Business-lobbying groups have suggested such “off-ramp” provisions are vital to ensure the wage increases don’t cause more harm than good for the state economy as they are being phased in. But the off-ramp legislation has drawn strong opposition from liberal groups, who view the planned wage increases as a key tool for lifting people out of poverty and combating entrenched income inequality.
Current ramp-up schedule: Under legislation Gov. Phil Murphy signed into law in February, New Jersey’s minimum hourly rate already went up for most workers from $8.85 to $10 on July 1. The same law also calls for a series of additional $1 annual increases through 2024 to bring the wage to $15. The next scheduled annual hike will go into effect on January, when the minimum wage will increase to $11.
The wage law also put some groups of low-wage workers — farm laborers, seasonal workers and employees of businesses with five employees or less — on a slower ramp-up schedule. They will take longer to get to $15, but will still see increases next year with their minimum hourly rate increasing from $8.85 to $10.30 on January 1.
Off-ramp scenario No. 1: Under the off-ramp legislation — which was introduced in March in response to the enactment of the wage-hike bill — the first way the automatic increases could be suspended would be if an economic decline in New Jersey impacted both employment levels and state sales-tax receipts.
To trigger this scenario, seasonally adjusted nonfarm employment figures would have to drop over three-month and six-month periods. In addition, the state would have to experience a year-over-year decline in retail sales; tax receipts compared to the prior fiscal year would be used to trigger a pause.
The assessments of both the state employment and sales-tax revenue data would have to be conducted by the state treasurer by July 28 every year. (New Jersey uses a July 1 to June 30 fiscal-year calendar.)
A wage-hike suspension triggered by this scenario would last one year. There would be no pause unless both employment levels and sales-tax receipts drop over the specific time periods spelled out in the bill.
Off-ramp scenario No. 2: The other way the automatic wage hikes could be suspended under the off-ramp legislation would be if there is a year-over-year decline in overall state revenues of at least 2%. For example, under the current state budget, which totals $38.7 billion, year-over-year revenue losses would have to equal roughly $775 million to bring on a suspension of the automatic wage hikes. (Such losses haven’t occurred in New Jersey since the Great Recession.)
It would be up to the state treasurer to assess any annual revenue losses each year by July 28. Under this scenario, the automatic wage hikes would be on hold until the 2% revenue losses are fully recovered.
The argument for off-ramps: Business-lobbying groups like the New Jersey Business & Industry Association called for the original minimum-wage legislation to include off-ramp provisions linking the automatic hikes to economic metrics, citing as examples several other states that are also moving to a $15 minimum wage. They also argue that off-ramps are needed to help businesses hedge against future economic declines that could threaten to put many companies out of business if employee expenses are required to rise even as revenues plummet during a downturn.

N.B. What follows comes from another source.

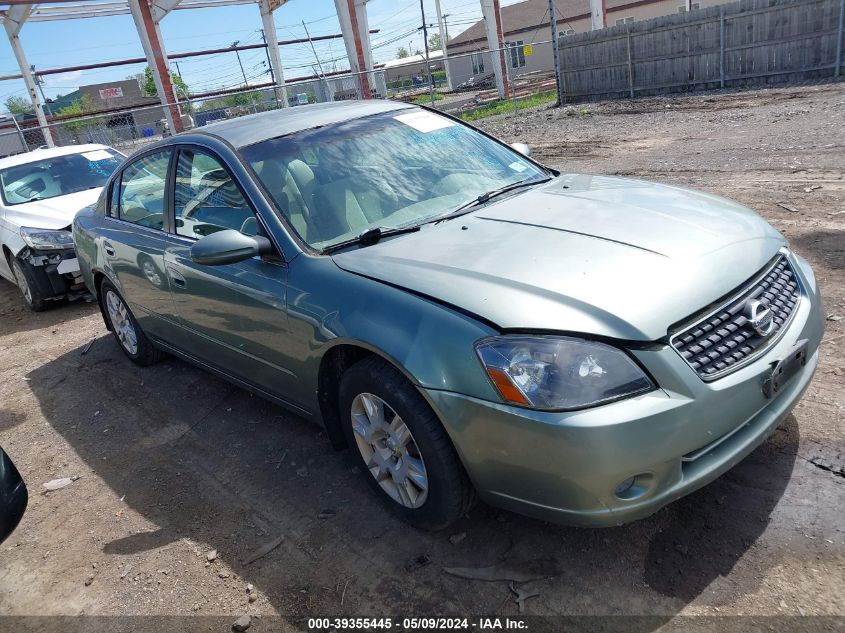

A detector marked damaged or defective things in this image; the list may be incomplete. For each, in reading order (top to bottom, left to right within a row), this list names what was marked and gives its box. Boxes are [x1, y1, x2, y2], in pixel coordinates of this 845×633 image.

white damaged car [0, 144, 123, 312]
broken bumper [422, 251, 824, 524]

The argument against: Left-leaning groups like New Jersey Policy Perspective and New Jersey Working Families have complained that the off-ramps would put the interests of businesses above those of low-wage workers. They’ve also suggested that the state economy — which currently is generating record low unemployment and regular revenue growth — is likely to slow down in coming years due to the nature of the business cycle. Any slowdowns should not be blamed arbitrarily on the scheduled wage hikes, they argue.

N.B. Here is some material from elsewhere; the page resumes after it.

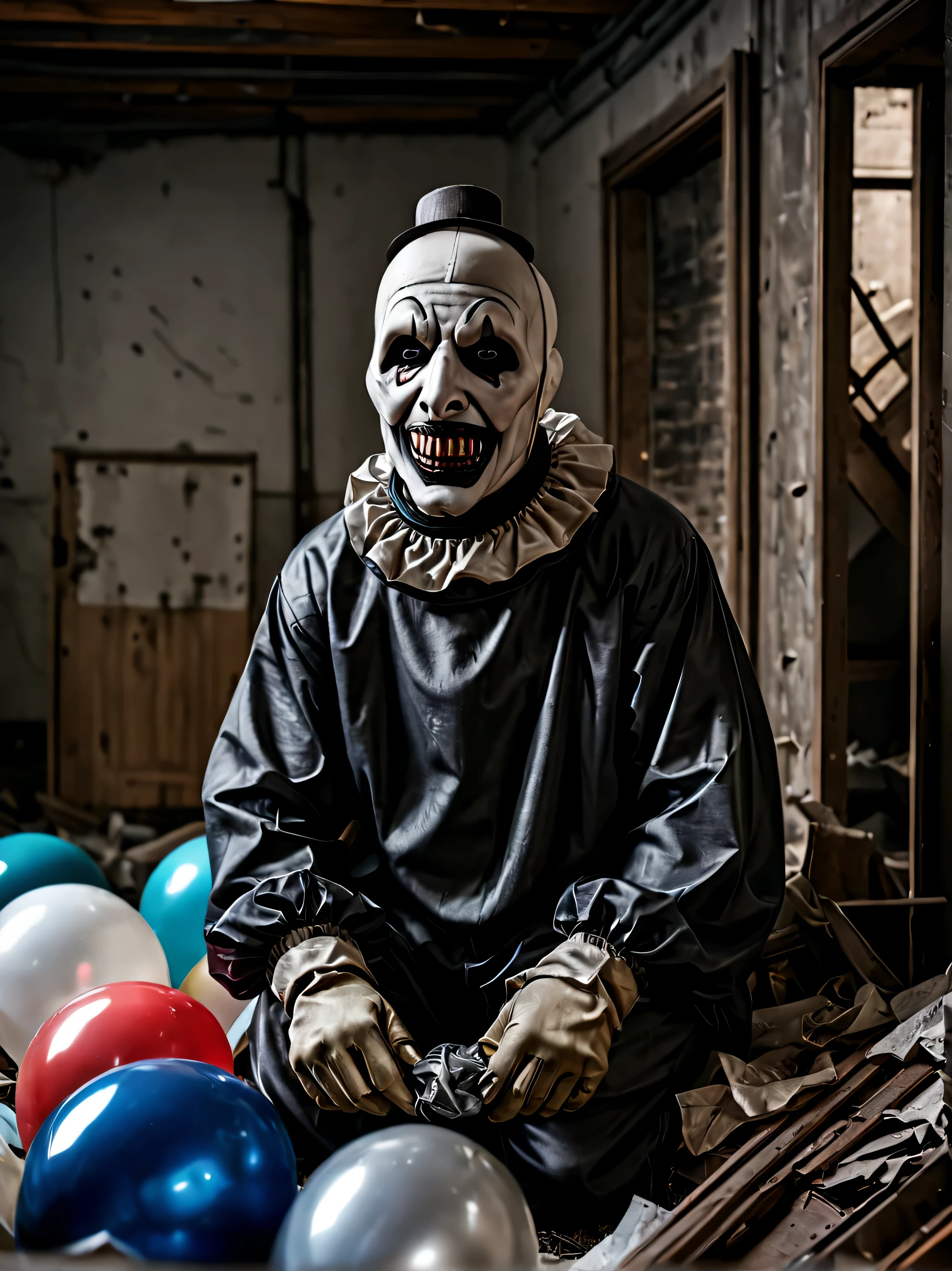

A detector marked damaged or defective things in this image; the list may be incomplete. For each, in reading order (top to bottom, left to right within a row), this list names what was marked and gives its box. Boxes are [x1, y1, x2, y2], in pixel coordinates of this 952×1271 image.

The politics: Once again, the possibility of an off-ramp for the scheduled minimum-wage hikes could end up pitting the governor against fellow Democrats who control the state Legislature. Murphy and legislative leaders have bridged differences on many issues since he took office early last year, including new workplace regulations such as expanding paid family leave. But major policy disagreements with lawmakers are still stalling several of the governor’s top priorities, including an overhaul of state tax-incentive programs and the legalization of recreational marijuana. Murphy made the $15 minimum wage a major issue during his 2017 gubernatorial campaign. It remains to be seen whether he would be amenable to adding the off-ramp provisions sought by the legislation’s sponsors.